It is undeniable, or at least it should be, that “information providing advance warning that the US or its allies are preparing an attack” is to be classified as “top secret.”
That is what is mandated by the government’s own Classification Guide (section 3.4.3), which is promulgated by the Office of the Director of National Intelligence.
I don’t see how the Trump administration, or anyone else, could credibly contend that Defense Secretary Pete Hegseth’s texts on an unclassified Signal communications chain did not contain such advance warnings.
Indeed, that was Hegseth’s purpose. He was alerting other top national security officials, in the two hours prior to the March 15 attacks, that the operation against the Houthis was on.
The secretary elaborated on what the sequence of strikes would be, the times, the weapons that would be used, and the targets.
This is not a matter of the righteousness of the strikes. The Houthis are Iran’s proxies. Their piracy and missile strikes have devastated shipping commerce in the Red Sea while ratcheting up Iran’s ongoing, multi-front war against Israel.

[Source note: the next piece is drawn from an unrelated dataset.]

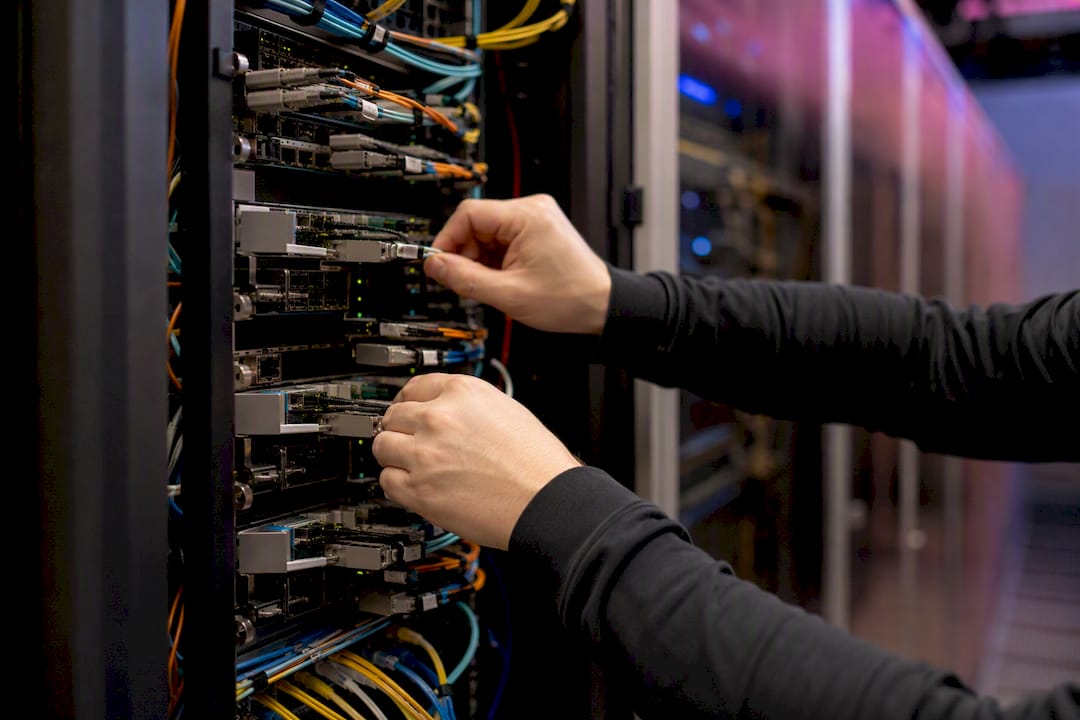 Hands managing network cables in data center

It was a worthy military operation, and Secretary Hegseth, his top-tier administration colleagues, and President Trump deserve credit for carrying it out.
They have begun to restore deterrence after four years of Biden administration passivity, which is vital for American interests.
But the blunder of discussing the details on a Signal group chat that is not authorized for the communication of national defense information — to say nothing of top secret intelligence — was an unconscionable security breach.
Under Executive Order 13256, which has controlled classification determinations for decades, information is deemed “top secret” if its “unauthorized disclosure . . . reasonably could be expected to cause exceptionally grave damage to the national security.”
Obviously, the unauthorized disclosure of an imminent combat operation could tip off the enemy and place American pilots, sailors, and soldiers in exceptionally grave danger.